» PROBLEM TO SOLVE
Print the lines in the listing below that fall between the line with "Χρήστος Παπαδόπουλος" and the line with "Cozy and Traditional - EC Studios", those two lines included, exactly as they stand and with nothing else.
------ SOURCE MATERIAL
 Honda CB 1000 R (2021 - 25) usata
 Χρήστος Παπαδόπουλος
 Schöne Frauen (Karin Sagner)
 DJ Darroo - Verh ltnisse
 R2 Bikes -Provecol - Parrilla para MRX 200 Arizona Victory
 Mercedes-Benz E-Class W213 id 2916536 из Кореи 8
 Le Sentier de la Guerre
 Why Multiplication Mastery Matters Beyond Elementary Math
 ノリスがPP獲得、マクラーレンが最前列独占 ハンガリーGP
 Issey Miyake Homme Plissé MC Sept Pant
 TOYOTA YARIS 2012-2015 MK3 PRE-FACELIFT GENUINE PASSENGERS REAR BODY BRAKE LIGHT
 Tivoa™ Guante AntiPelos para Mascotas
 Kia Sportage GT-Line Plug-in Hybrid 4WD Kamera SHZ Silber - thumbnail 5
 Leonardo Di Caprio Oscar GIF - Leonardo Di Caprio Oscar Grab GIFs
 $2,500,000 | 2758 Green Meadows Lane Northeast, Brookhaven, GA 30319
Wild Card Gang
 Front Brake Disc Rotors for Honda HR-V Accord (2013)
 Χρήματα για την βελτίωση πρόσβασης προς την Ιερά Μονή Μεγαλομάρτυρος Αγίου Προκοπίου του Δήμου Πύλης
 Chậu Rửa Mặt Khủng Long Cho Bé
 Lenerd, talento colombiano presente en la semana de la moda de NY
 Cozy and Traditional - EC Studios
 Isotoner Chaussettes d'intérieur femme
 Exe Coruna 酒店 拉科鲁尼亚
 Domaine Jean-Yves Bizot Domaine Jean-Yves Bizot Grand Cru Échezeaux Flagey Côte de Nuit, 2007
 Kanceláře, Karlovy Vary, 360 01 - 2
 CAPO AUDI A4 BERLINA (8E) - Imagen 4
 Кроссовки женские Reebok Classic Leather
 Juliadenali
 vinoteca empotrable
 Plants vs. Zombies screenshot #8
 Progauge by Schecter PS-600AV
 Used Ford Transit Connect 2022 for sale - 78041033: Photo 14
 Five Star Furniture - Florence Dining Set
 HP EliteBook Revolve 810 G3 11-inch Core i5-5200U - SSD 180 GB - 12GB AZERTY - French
------------
» TASK OUTPUT
 Χρήστος Παπαδόπουλος
 Schöne Frauen (Karin Sagner)
 DJ Darroo - Verh ltnisse
 R2 Bikes -Provecol - Parrilla para MRX 200 Arizona Victory
 Mercedes-Benz E-Class W213 id 2916536 из Кореи 8
 Le Sentier de la Guerre
 Why Multiplication Mastery Matters Beyond Elementary Math
 ノリスがPP獲得、マクラーレンが最前列独占 ハンガリーGP
 Issey Miyake Homme Plissé MC Sept Pant
 TOYOTA YARIS 2012-2015 MK3 PRE-FACELIFT GENUINE PASSENGERS REAR BODY BRAKE LIGHT
 Tivoa™ Guante AntiPelos para Mascotas
 Kia Sportage GT-Line Plug-in Hybrid 4WD Kamera SHZ Silber - thumbnail 5
 Leonardo Di Caprio Oscar GIF - Leonardo Di Caprio Oscar Grab GIFs
 $2,500,000 | 2758 Green Meadows Lane Northeast, Brookhaven, GA 30319
Wild Card Gang
 Front Brake Disc Rotors for Honda HR-V Accord (2013)
 Χρήματα για την βελτίωση πρόσβασης προς την Ιερά Μονή Μεγαλομάρτυρος Αγίου Προκοπίου του Δήμου Πύλης
 Chậu Rửa Mặt Khủng Long Cho Bé
 Lenerd, talento colombiano presente en la semana de la moda de NY
 Cozy and Traditional - EC Studios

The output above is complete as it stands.